BEGIN INFORMATION

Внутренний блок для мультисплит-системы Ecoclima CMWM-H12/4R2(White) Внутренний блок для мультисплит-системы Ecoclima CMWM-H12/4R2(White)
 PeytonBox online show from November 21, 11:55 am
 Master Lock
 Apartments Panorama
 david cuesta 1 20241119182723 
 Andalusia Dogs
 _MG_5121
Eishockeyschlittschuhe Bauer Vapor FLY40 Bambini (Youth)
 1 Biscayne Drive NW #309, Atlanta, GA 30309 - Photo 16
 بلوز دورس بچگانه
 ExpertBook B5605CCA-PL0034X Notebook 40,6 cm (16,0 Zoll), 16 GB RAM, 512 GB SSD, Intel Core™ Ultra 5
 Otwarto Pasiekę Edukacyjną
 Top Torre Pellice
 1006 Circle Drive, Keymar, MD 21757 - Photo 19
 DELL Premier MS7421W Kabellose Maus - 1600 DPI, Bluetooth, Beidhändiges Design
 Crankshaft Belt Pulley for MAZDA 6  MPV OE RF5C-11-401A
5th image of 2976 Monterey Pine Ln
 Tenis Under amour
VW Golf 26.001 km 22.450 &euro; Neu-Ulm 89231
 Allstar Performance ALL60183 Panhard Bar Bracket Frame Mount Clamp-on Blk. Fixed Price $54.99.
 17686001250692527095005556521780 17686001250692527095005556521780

END INFORMATION

• PROBLEM REQUIREMENTS: Lines in the data that hold "Drive" must be located and copied.

• EXERCISE ANSWER:
 1 Biscayne Drive NW #309, Atlanta, GA 30309 - Photo 16
 1006 Circle Drive, Keymar, MD 21757 - Photo 19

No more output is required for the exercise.